Ainda que fosse sutil, Eddie falou como ator que já interpretou um transgênero nas telonas, com A Garota Dinamarquesa.
Emma Watson – ativista dos direitos das mulheres – e Evanna Lynch, tomaram partido, sem surpreender ninguém.
A última, a Luna Lovegood das franquias Harry Potter, disse em sua carta aberta: “J.K. Rowling está no lado errado”.
Qual é o lado certo? Enquanto alguns não vêem problema no texto de Rowling – e são também cancelados como “passadores de pano” – outros a criticam e endeusam os atores que, possuem experiências diferentes da autora, e constroem narrativas que colocam Rowling mais ou menos sem saída.
A experiência de vida de cada um de nós com relação a preconceitos ou abusos não diz respeito a nossas opiniões? Então, afinal, o que os movimentos estão fazendo, se não estão conseguindo reconhecer que, cada um tem uma visão de mundo e que ela, não precisa ser aceita pela maioria pensante?
Retomando a fala do palestrante LGBTs: não precisamos conhecer para respeitar? Porque temos apenas duas opções: aceitar a opinião das pessoas sobre temas polêmicos – e, portanto, exaltá-las como “entidades sensatas” – ou não aceitar as exposições taxando como “sem embasamento teórico” ou que “incitam algum tipo de comportamento violento”?
Em nenhum momento do artigo Rowling diz que as pessoas devem pensar como ela.
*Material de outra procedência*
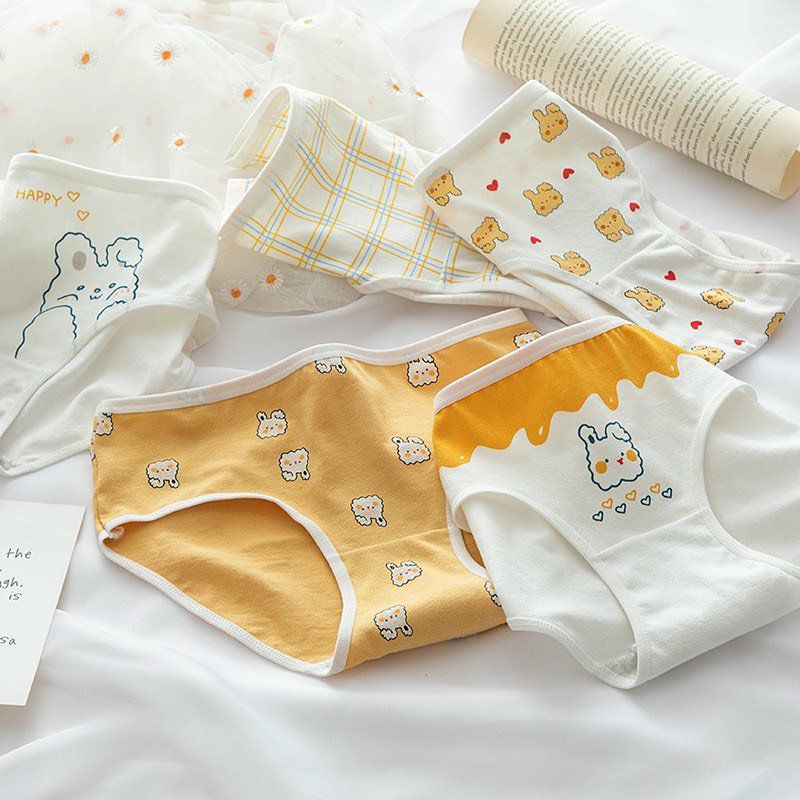 SET 5 Quần Lót Cotton Nâng Mông Thông Hơi Hoạ Tiết Dễ Thương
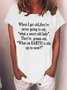 Women Text Letters Crew Neck Cotton-Blend Short Sleeve Casual Daily Summer T-shirt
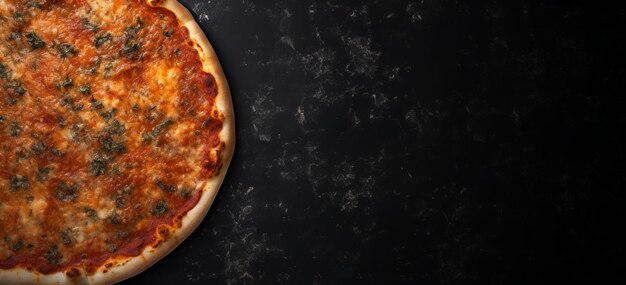 Photo le haut d'une pizza sur un fond sombre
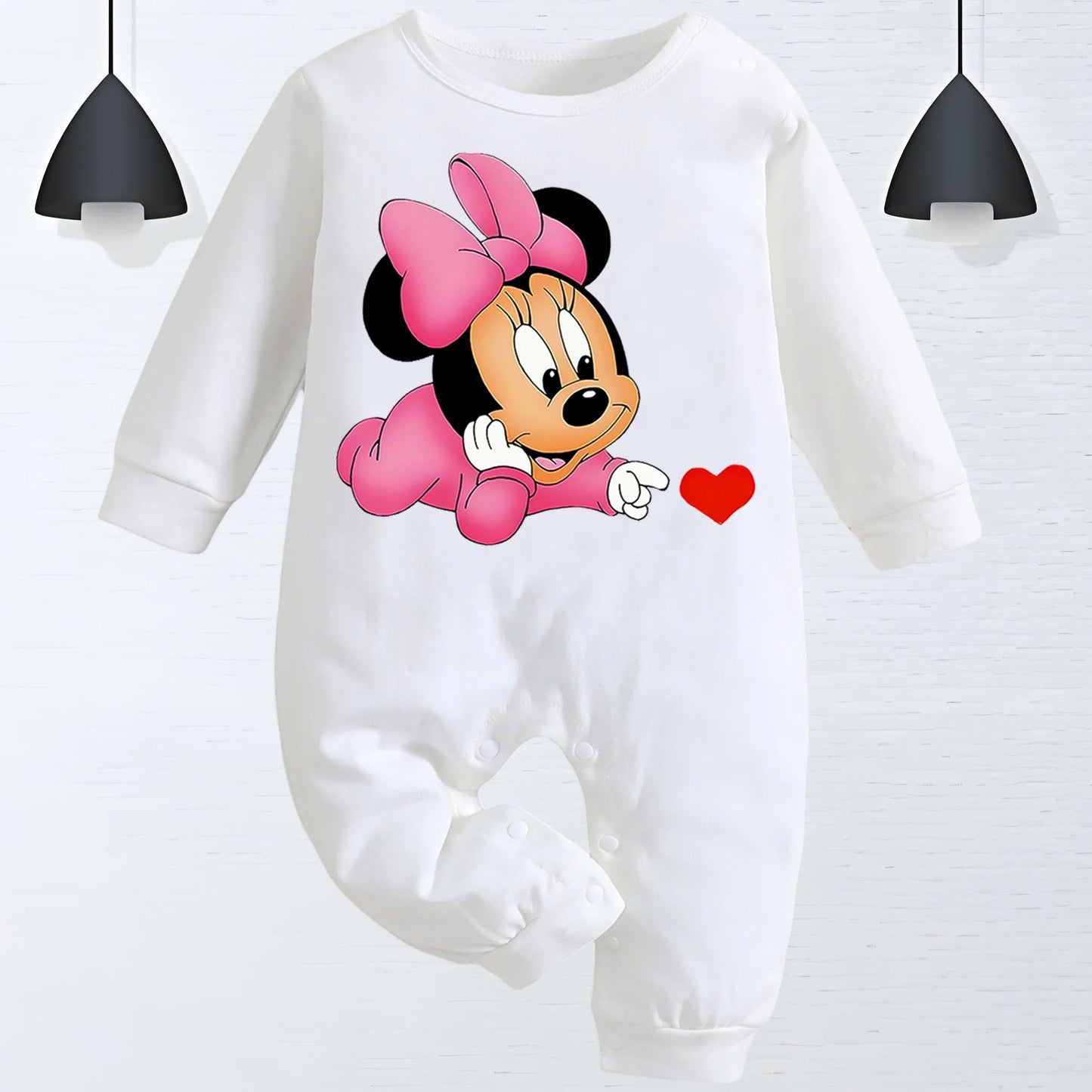 0-9M Newborn baby girl cotton jumpsuit baby long sleeve one button jumpsuit for toddlers Minnie mouse print baby crawling suit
Em nenhum momento ela diz que pessoas trans devem ser limadas de todos os direitos e seguranças.
Receber uma série de emails julgando o seu comportamento como “instigadora do ódio” não é também um ataque controverso e duro?
O que difere os dois tipos – o dela e dos ativistas – se ambos se valem dos mesmos meios?
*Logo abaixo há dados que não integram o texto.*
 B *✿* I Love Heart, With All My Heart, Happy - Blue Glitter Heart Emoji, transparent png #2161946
Acima de tudo, o que não está sendo respeitado nos movimentos é a individualidade de cada um.
O que parece ser um problema de nossos tempos, ainda sem amenidades é que constantemente nos valemos do egocentrismo para tudo que envolve a nossa vivência em sociedade.
Colocamo-nos superiores uns aos outros, sem nos ater que direitos e deveres todos nós temos. E que nossas particularidades inclusive, o próprio nome diz, devemos lidar com responsabilidade, sem deixar de considerar que as soluções encontradas possam prejudicar o outro.
Se prejudicarem, precisamos deixar ao menos claro que, para todo, isso não significa que estou contra a existência do outro que tem outras razões de ser quem é.

Bem, então precisamos, acima de tudo, entender que “coexistir” continuará sendo impossível de se colocar em prática, pois os dualismos rasos e as manifestações de revolta seletivas insistem em permanecerem presentes. Compreender para aceitar?
Esse não é o caminho que está sendo traçado. Não está acontecendo o cuidado para não ser aquele que empurrou do abismo, aquele outro que pediu que fosse compreendido, e assim, aceito.